Soccer headers take toll on brain
DEAR DOCTOR: My granddaughters try to outdo each other with their soccer maneuvers. One is trying to learn to “head” the ball. Isn’t that dangerous, especially for girls?
DEAR READER: We’ve long been aware of the risk of head injuries posed by activities like football, rugby, ice hockey and boxing, where jolting physical contact is built into the sport. Soccer, long thought of primarily as a running game, is getting a second look. Although collisions have been the most visible potential sources of head injury in soccer, new research confirms that heading the ball takes a toll on the brain.
A study published last spring found that heading the ball — in which a player deliberately moves into the path of a soccer ball in order to control its trajectory with the head — is responsible for a greater number of concussions than is contact with elbows, knees or feet. According to a study published last summer, adverse physical effects of that move are more pronounced in female soccer players than in their male counterparts.

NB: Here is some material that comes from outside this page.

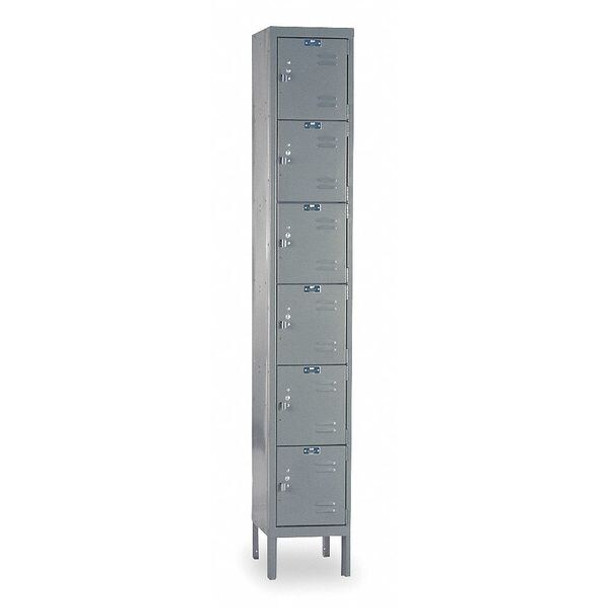 Box Locker, 12 in W, 15 in D, 78 in H, (1) Wide, (6) Tier, Dark Gray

The earlier study, published last April in the journal Frontiers in Neurology, gathered data from 308 active amateur soccer players, 78 percent of them male. Each player self-reported head impacts and any resulting symptoms during a series of two-week intervals. Players also underwent an in-person neuropsychological assessment during each two-week period. With a total of 741 complete data sets collected over the course of three years, researchers were able to correlate frequency of heading with reductions in attention span and reaction time. They found working memory was also affected, but to a lesser degree.

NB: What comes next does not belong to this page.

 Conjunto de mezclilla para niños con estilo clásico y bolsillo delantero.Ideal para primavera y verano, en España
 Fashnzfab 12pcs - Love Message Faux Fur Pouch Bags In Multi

The other study, published last July in the journal Radiology, found that heading the ball resulted in alterations to white matter in the brain. When this finding was broken down by gender, it was revealed that these alterations were more pronounced in the brains of the women in the study than in the brains of the men. White matter, which accounts for half of the human brain, is made up of millions of bundles of nerve fibers. Located beneath the gray matter cortex, they connect the different regions of the brain. The white color is due to myelin, a type of electrical insulation that coats the nerve fibers. Damage to white matter can interfere with the high-speed transmission of electrical impulses in the brain, which can result in impairment to sensory, motor and cognitive function. The researchers refer to this damage as “subconcussive head impacts,” meaning that though these injuries don’t produce immediate or measurable symptoms, as concussion does, the effect can be cumulative and longterm.
Because the impact forces of heading a soccer ball come close to matching a helmet-to-helmet football tackle, U.S. Youth Soccer has banned the practice for players younger than 11 years old. Considering what’s at stake, check in with their parents on the topic of heading.